Nike’s, very successful. Simons’, not so much.
Mixing politics into your brand campaign strategy is a risk that can truly pay off. Just ask the folks at Nike, who are still doing a victory lap over the success of their controversial Colin Kaepernick campaign.
But such risk-taking with your brand can also lead to marketing disaster, which is why brand strategists at Simons are very unlikely to name a bra after a retired Supreme Court justice ever again.
Let’s look at the success of Nike first because they have become masters at using social issues to freshen up their brand and boost sales.
In September, Nike was looking for an exciting way to mark the 30th anniversary of their iconic Just Do It campaign, and of course bolster sagging sales that all makers of athletic clothing and gear have been experiencing lately.
Enter “Believe in something. Even if it means sacrificing everything.”, the punchline in a television spot featuring Kaepernick, the now unemployed quarterback who incurred the wrath of President Donald Trump for taking a knee during the playing of the national anthem at NFL games.
The ad, debuted during the NFL season opener, was immediately denounced by conservative-minded consumers, who went as far as burning their Nike running shoes and calling for a boycott on social media.
Clearly, Nike decided it was worth the risk to anger the largely conservatives in exchange for bolstering mind share among millennials and others who like to support a brand that authentically reflects their views.

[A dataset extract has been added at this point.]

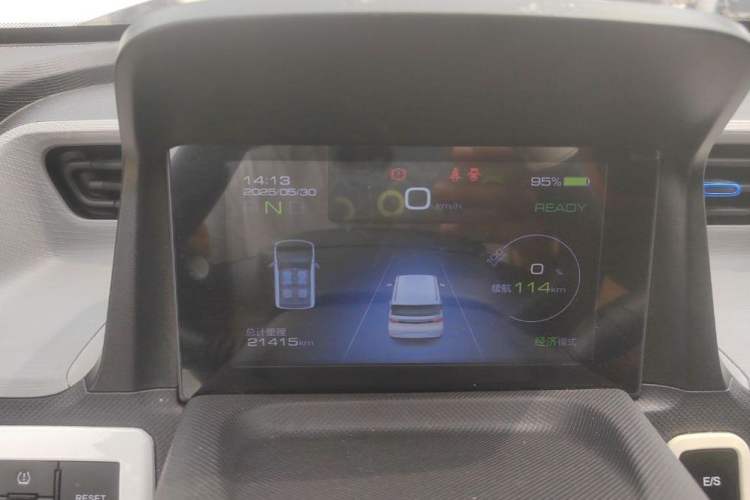 Used Wuling Hongguang MINIEV 2022 Zizai Version Lithium Iron Phosphate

The strategy worked. Over the Labour Day weekend online product orders rose 27%, according to Edison Trends, a digital-commerce researcher. In the same period last year, product orders fell 2%
Nike stock prices hit an all-time high immediately after the campaign launch.
But we really shouldn’t be surprised because the content ecostructure is changing. Consumers increasingly believe brands can help solve society’s problems.

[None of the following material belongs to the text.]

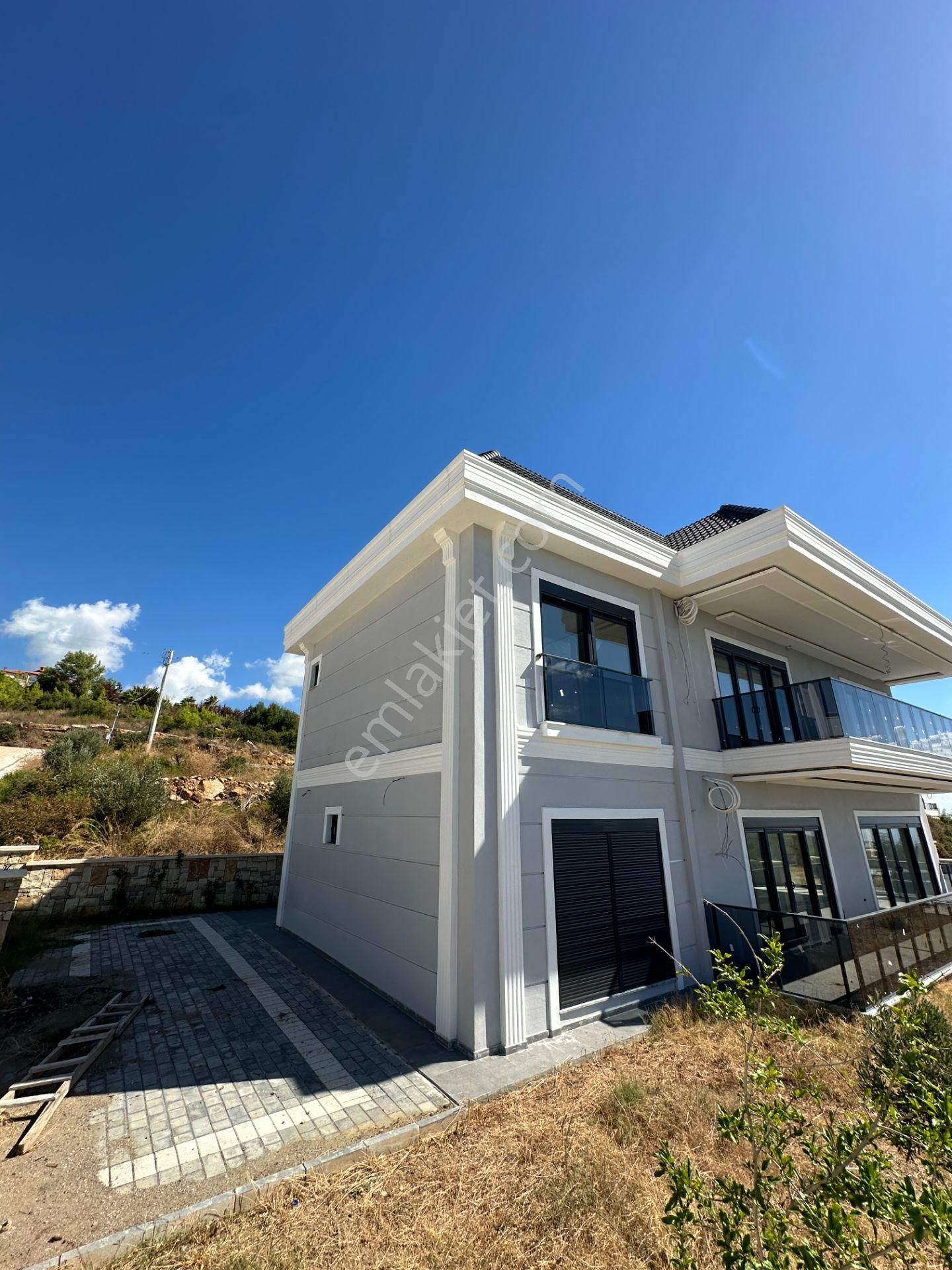 İncekum'da Panoramik Deniz Manzaralı Satılık 6+1 Müstakil Villa - Görsel 4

Thanks to an evolving content ecosystem, audiences are now more receptive to unapologetic campaigns that reflect their own beliefs. Having said that, you must know your market, know your audience and it must be authentic.
And on that, let’s look at a strategy that could have used a little more caution.
Quebec-based retailer La Maison Simons has apologized for its lingerie line named after famous Canadian women, including former Supreme Court chief justice Beverley McLachlin.
The line was meant to honour women who made historic contributions to Canada. Instead it caught the ire of Ms. McLachlin. She called company president Peter Simons and angrily demanded an apology over the branding of, ahem, the “Beverley Bralette.”
Branding tip: if you name your product after someone, please make sure they’re fine with it first. Also commemorated with lingerie were author Gabrielle Roy and suffragette Nellie McClung. They likely didn’t complain.
Simons said his marketing team had been looking for inspiration for their new lingerie line and thought, “why don’t we look towards inspiring Canadian women that we respect and admire?” What could possibly go wrong?
The lingerie line has been discontinued.
When you’re dealing with highly controversial subject matter, not every brand is Nike and can #JustDoIt. Sometimes to calculate risk and analyse potential reactions, it’s safer to sleep on it!